▶ _WHAT YOU HAVE TO DO_
Skip the pictures and repeat each line of the data exactly.

▶ _INFORMATION PROVIDED_
☆ ☆ ☆ ☆

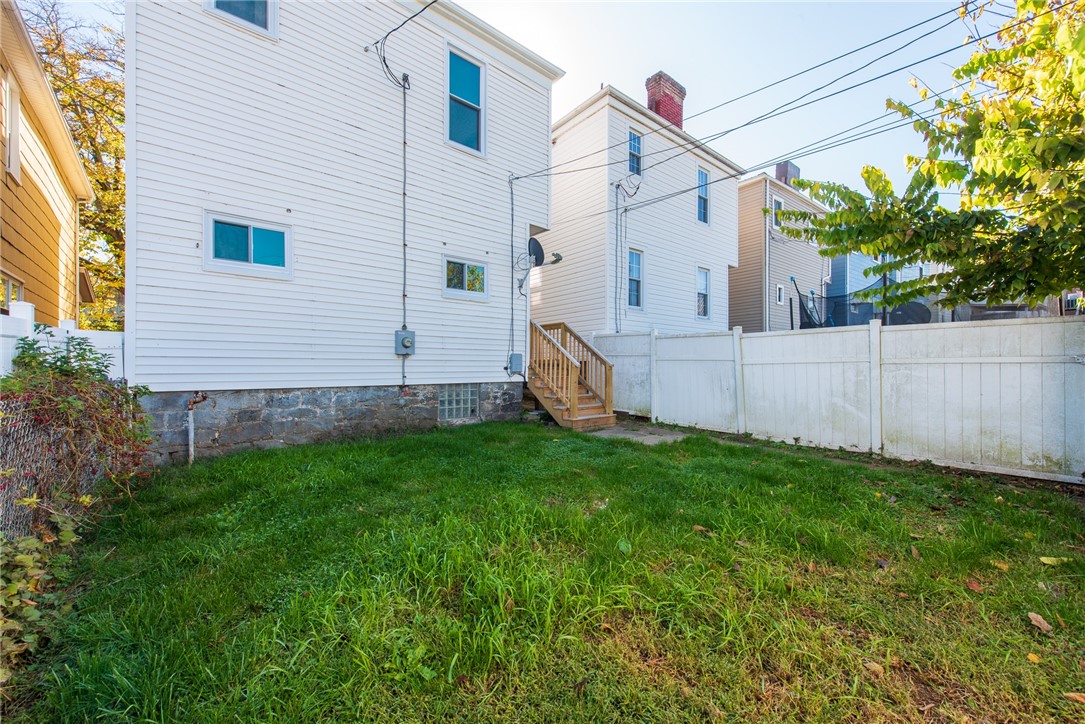 Vandergrift, Pennsylvania 15690, United States, 3 Bedrooms Bedrooms, ,2 BathroomsBathrooms,Residential,Active,230507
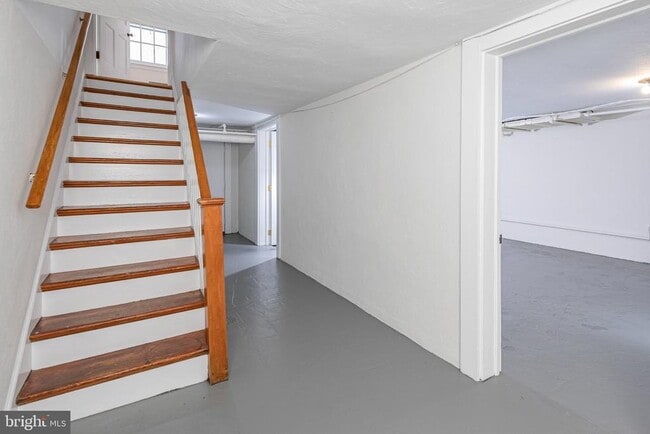 Building Photo - 150 Prospect Ave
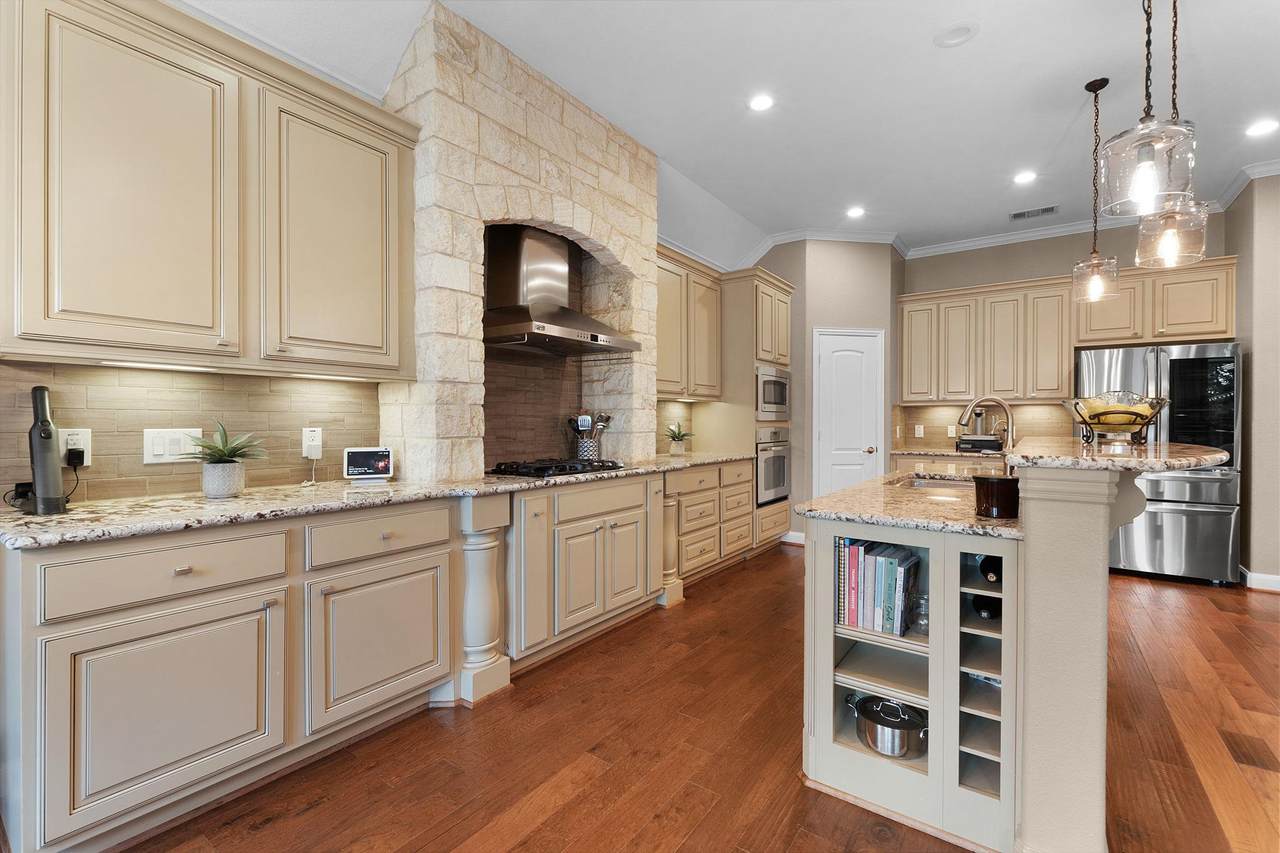 4507 Monterosa Ln - Photo 1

☆ ☆ ☆ ☆

▶ _RESULT BELOW_
 Vandergrift, Pennsylvania 15690, United States, 3 Bedrooms Bedrooms, ,2 BathroomsBathrooms,Residential,Active,230507
 Building Photo - 150 Prospect Ave
 4507 Monterosa Ln - Photo 1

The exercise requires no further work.